The Kenyan passport has been ranked position 8 in Africa and position 71 globally by the Henley Passport Index. The data released is based on the data provided by the International Air Transport Association.
Kenyan passport mobility score improved six places at the same time. With the new ranking, it means Kenyans to visit without a visa or obtain it on arrival increasing to 72 from 64 in January 2021.
In Africa, Kenya remained at the eighth position, shared with Tanzania and behind Mauritius, Botswana, eSwatini, Lesotho, Malawi, Namibia, Seychelles, and South Africa. Uganda was in position 76 with Rwanda, Burundi, South Sudan coming in at numbers 82, 92, and 99 respectively.
Japan and Singapore were at the top of the list of being the most powerful passports in the world for the year 2022 with a visa-free score of both countries of 192. Afghanistan (rank 111) and Iraq (rank 110) continue to be in the ‘worst passports to hold’ category having a visa-free score of 26 and 28 respectively.

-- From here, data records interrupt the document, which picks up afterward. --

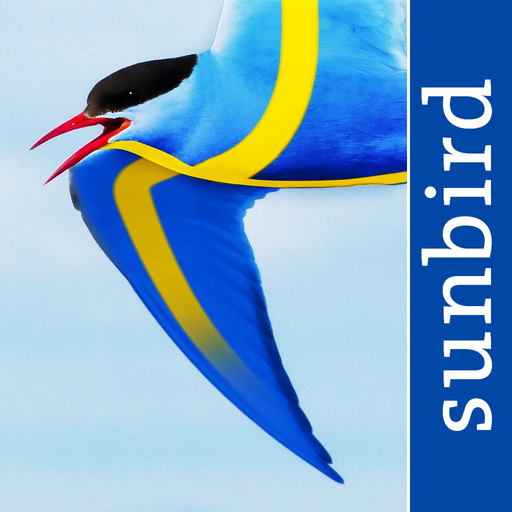 All Birds Sweden - Photo Guide app icon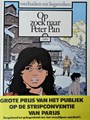 Verhalen en Legenden  - Op zoek naar Peter Pan - deel 1 en 2 compleet, HC+wikkel, Eerste druk (1984) (Lombard)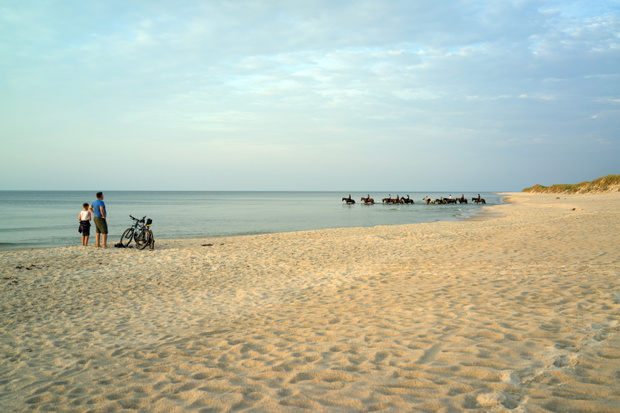 Relaks na plaży w Stilo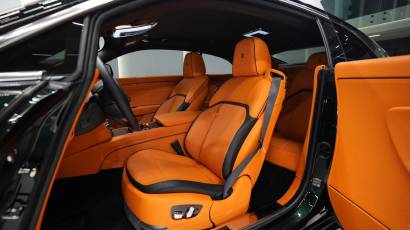 Rolls-Royce Spectre - 2025 - Thahab Motors Luxury Car Dealership - Dubai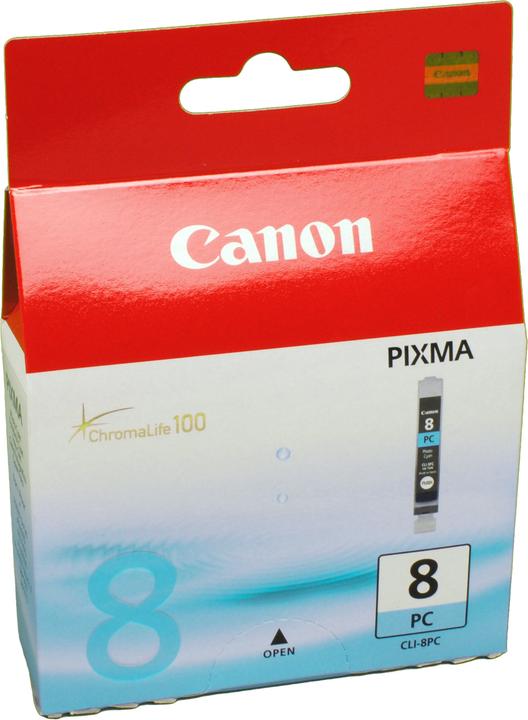 Actual product image Canon Cli-8pc (PC)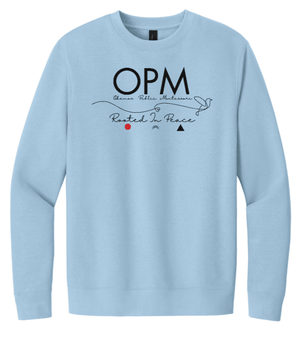 Custom Printed Apparel | Unisex Crewneck | OPM - OPM - 19780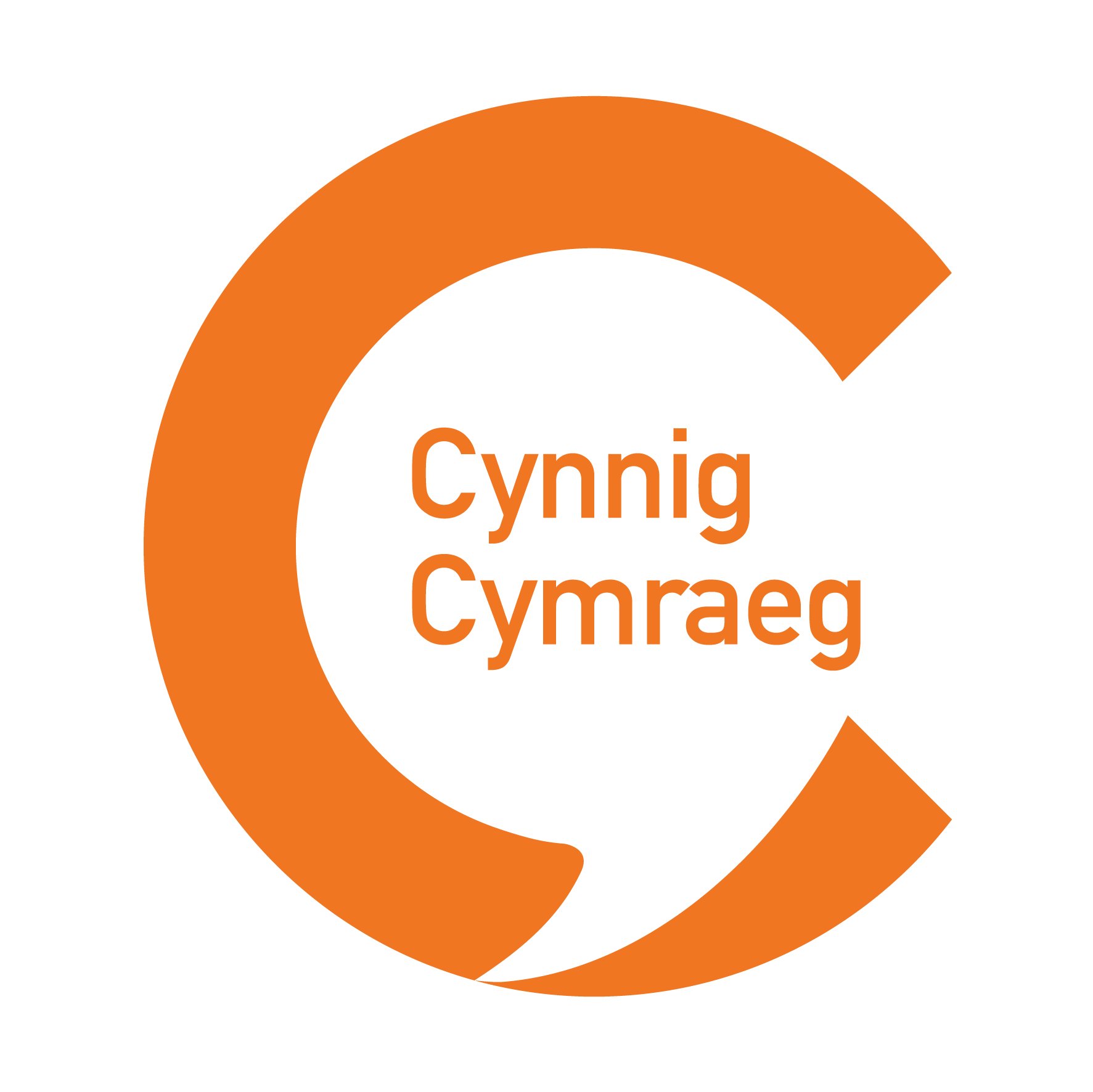 Logo Cynnig Cymraeg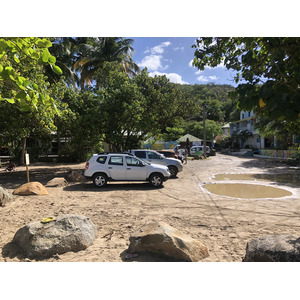 รูปถ่าย กวาเดอลูป(Guadeloupe) เดแอ(Deshaies) 2021-02 6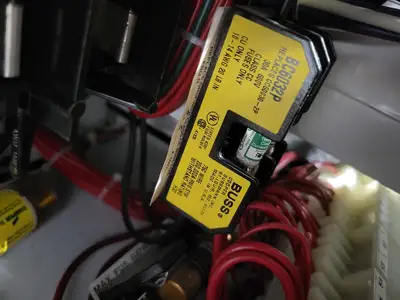 USED SQUARE D MODEL 6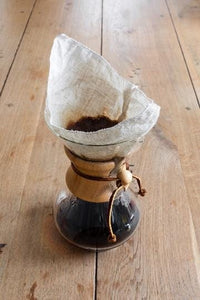 best reusable coffee filter for Chemex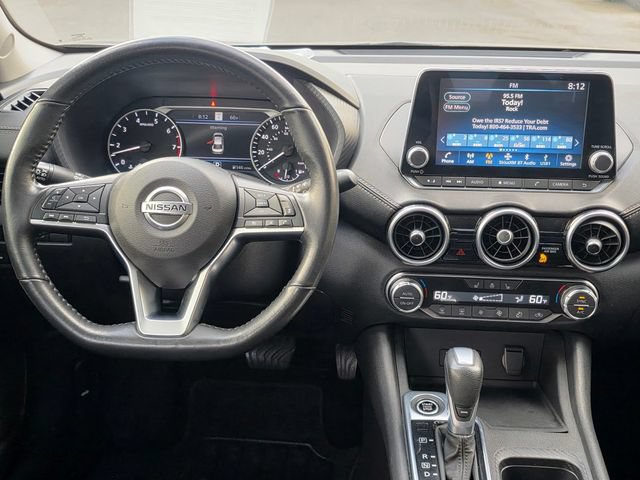 Used 2023 Nissan Sentra SV w/ All-Weather Package FWD image 15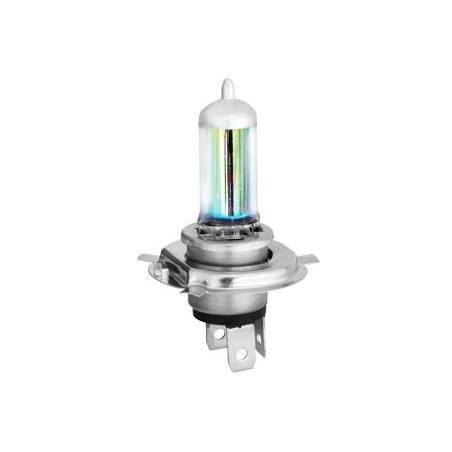 H4 Rainbow Xenon Lampe 12V/55W (2 Stk.)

Pakistan’s passport is fourth among the worst or least powerful passports.
“Germany and South Korea hold onto joint 2nd spot on the latest ranking, with passport holders able to access 190 destinations visa-free, while Finland, Italy, Luxembourg, and Spain share 3rd place, with a score of 189.
The US and the UK passports have regained some of their previous strength after falling all the way to 8th place in 2020 – the lowest spot held by either country in the index’s 17-year history. Both countries now sit in 6th place, with a visa-free/visa-on-arrival score of 186,” said the report.
At the same time, while citizens of upper-middle- and high-income countries have achieved visa-free access to most nations, citizens of lower-middle- and low-income countries, as well as ones with higher fragility scores, enjoy far less travel freedom because they are deemed to be high-risk when it comes to security, asylum, and overstay.
Interestingly, however, they found that while the world’s democracies on average have higher visa-free scores, both democratic and authoritarian regimes have increased their visa-free scores since 2006, at somewhat similar rates.